The Growth of Malacca
The strategic position of its port, peace and political stability and efficient administration enabled Malacca to develop and grow. Throughout the 14th century, eastern trade were monopolized by the Muslim merchants of Arabia and India. When Parameswara converted to Muslim Faith in 1411, his subjects too embraced Islam. This further paved the way to wooing Muslim traders from Arabia,India, Java and Sumatra. the India merchants brought cotton cloth from Cambay, Pulikat and Bengal. The Arabs brought vermillion, weapons, perfumes, copper, and textiles.

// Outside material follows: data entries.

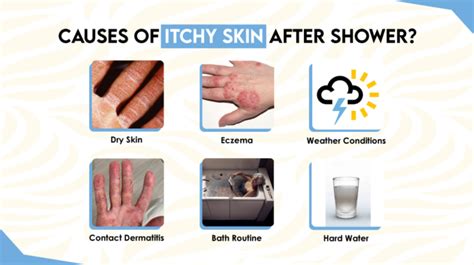 What Causes Itchy Skin After A Bath At Ray Roger Blog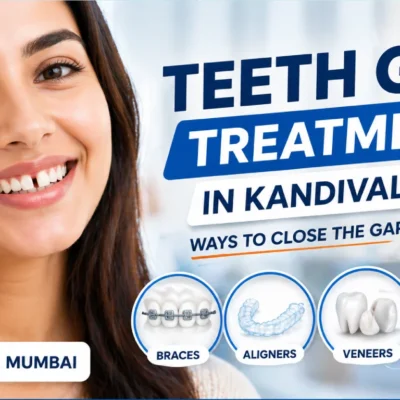 Teeth Gap Treatment In Kandivali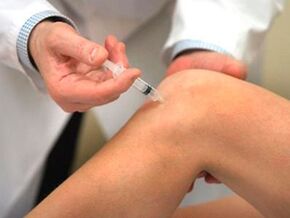 Comment traiter l'arthrose de l'articulation du genou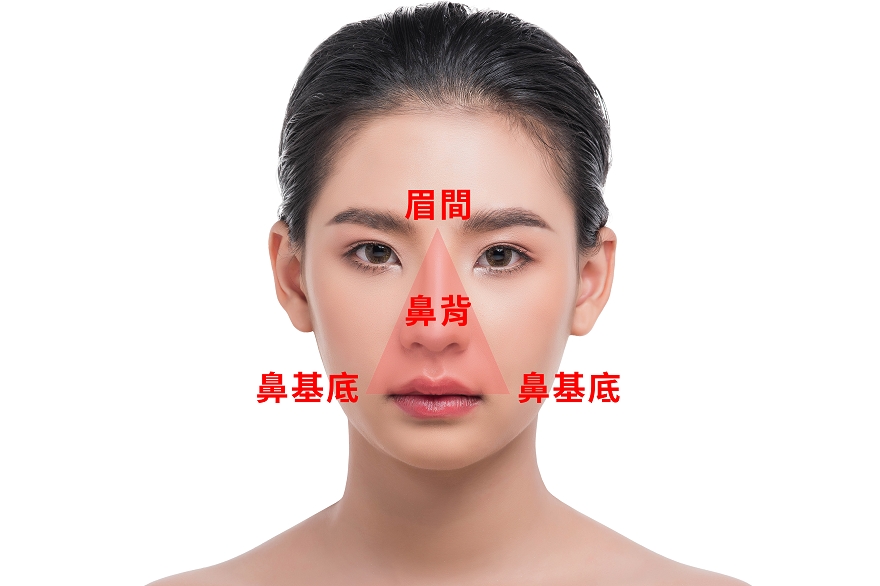 臉部某些部位是「高風險區」，施作不當可能導致導致血管栓塞、皮膚壞死，甚至視覺永久喪失。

Traders from surrounding countries brought cloves (Molluccas), mace (Banda), sandlewood (Timor), black pepper and gold (Sumatra), tin gold and camphor (Borneo) rice (Pedir & Pasai), rubies, lacquer, tin and Brazil Wood from Pegu in the North.

After the death of Patameswara (Megat Iskandar Shat) in 1424, his son, Muhammad Shah, who adopted the Srivijayan title of Seri Maharaja gave Malacca 20 years of peace and prosperity. It was he who established the system of government which continued to operate in Malacca till the Portuguese attack in 1511.

SULTAN: The paramount ruler of the State, reserved sovereignty and absolute power on all matters pertaining to the general administration of the State, internal or otherwise, declaration of a state of war or peace. (Muzaffar Shah was the first ruler of Malacca to adopt the Muslim Title of Sultan).

To assist him to administer his functions, a number of offices were created:
1. BENDAHARA: s supreme minister to assist and advise the Sultan in matters pertaining to the general administration of the state. 

In the later years the Bendahara enjoyed as much power as the Sultan himself, as evidenced by the legendary Tun Perak who was easily the most powerful man in Malacca during the three reigns and had tremendous influence. He is referred to as the "King Maker". apart from being relatives of Tun Perak, Sultans, Mansur Shah, Alauddin and Mahmud were all children when they succeeded to the throne. It was his policy which led to the expansion of Malacca. During the reign of Mansur Shah, Tun Perak attacked Pahang (a vassal of Siam at that time) and placed Raja Muhammad as Viceroy of Pahang. He captured Johore, Bengkalis. the Karimun Islands, Bintan and Muar. To take full control of the Straits of Malacca, Tun Perak attacked Kampar, Siak, Aru, Pasai, Rokan and Indragiri on the Sumatran Coast. Only Pasai resisted his forces (see map of Malacca Empire in 1511).